Кульга насторожился. А не те ли боевые машины, о которых предупреждал командир полка? Вполне может быть. Но сообщать в штаб не стал. По двум причинам: эфир прослушивается и немцами, так что не стоит раскрывать себя. Да и полной уверенности, что «самовары» появились именно здесь, пока не было. Он решил подождать до утра.
А Илья, поманив к себе Галию, небрежно вынул из-за пазухи ветку, усыпанную поспевшими яблоками:
— За неимением цветов пришлось сорвать веточку!
Галия взяла яблоки и поблагодарила. Кульга нахмурился. Он видел, что его строгие внушения не действовали на сержанта. Придется с ним по-мужски поговорить, решил Григорий.
Вдруг в предрассветной тишине послышался отдаленный гул моторов. Он становился все сильнее. Наконец стали видны силуэты первых танков.
— Идут! — сообщил сержант Щетилин, считая танки. — Четырнадцать штук!
Танки приближались. Под их тяжестью чуть вздрагивала земля. Таких машин Кульге никогда не приходилось видеть. Да, сержант Щетилин оказался прав: это были не «тигры» и не «пантеры», а какие-то новые танки.

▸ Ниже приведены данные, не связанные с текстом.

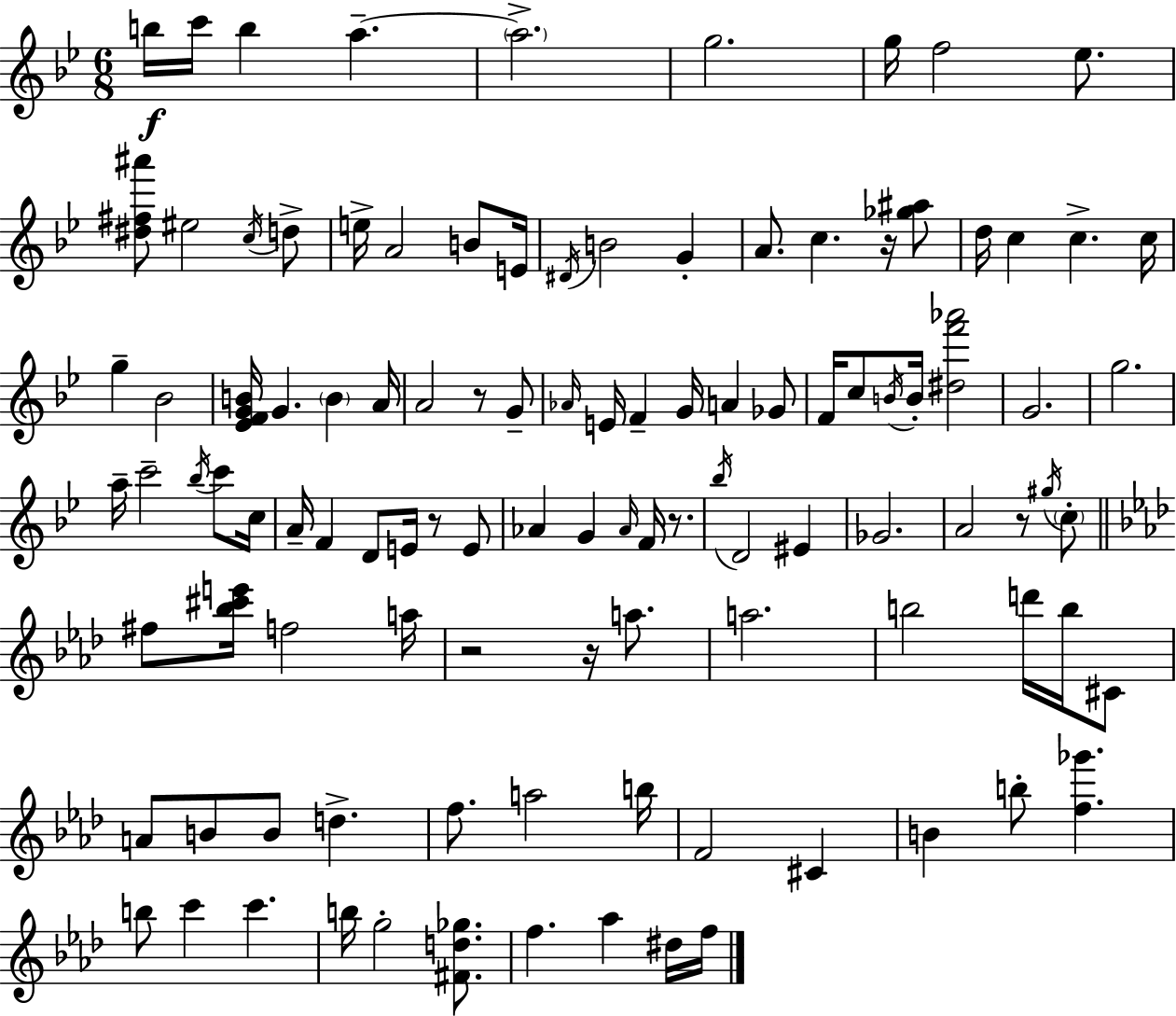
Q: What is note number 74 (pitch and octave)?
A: C#4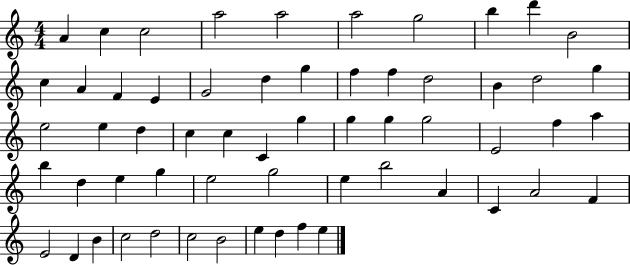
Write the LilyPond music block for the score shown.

{
  \clef treble
  \numericTimeSignature
  \time 4/4
  \key c \major
  a'4 c''4 c''2 | a''2 a''2 | a''2 g''2 | b''4 d'''4 b'2 | \break c''4 a'4 f'4 e'4 | g'2 d''4 g''4 | f''4 f''4 d''2 | b'4 d''2 g''4 | \break e''2 e''4 d''4 | c''4 c''4 c'4 g''4 | g''4 g''4 g''2 | e'2 f''4 a''4 | \break b''4 d''4 e''4 g''4 | e''2 g''2 | e''4 b''2 a'4 | c'4 a'2 f'4 | \break e'2 d'4 b'4 | c''2 d''2 | c''2 b'2 | e''4 d''4 f''4 e''4 | \break \bar "|."
}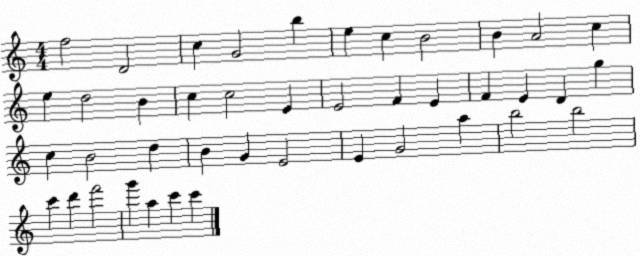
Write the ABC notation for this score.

X:1
T:Untitled
M:4/4
L:1/4
K:C
f2 D2 c G2 b e c B2 B A2 c e d2 B c c2 E E2 F E F E D g c B2 d B G E2 E G2 a b2 b2 c' d' f'2 g' a c' c'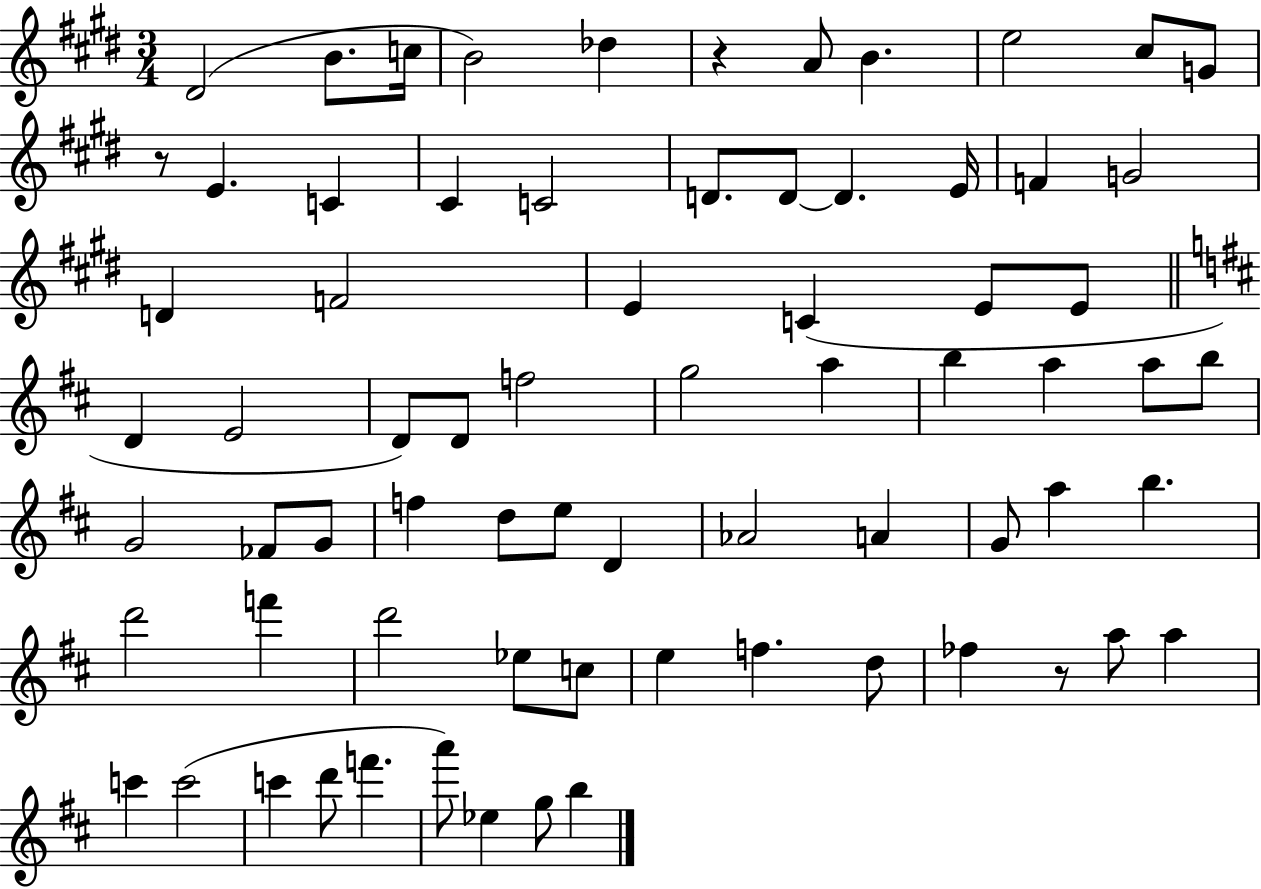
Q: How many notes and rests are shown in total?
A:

— Юстас, передай в штаб: появились «самовары», четырнадцать штук. Принимаю бой, — приказал Кульга радисту.
— А может, просто новые танки, товарищ командир? — спросил Юстас.
— Передавай, как приказано, — Кульга повысил голос. — Противотанковыми, новыми, заряжай!
Танки приближались. В «тридцатьчетверке» все замерли на своих местах.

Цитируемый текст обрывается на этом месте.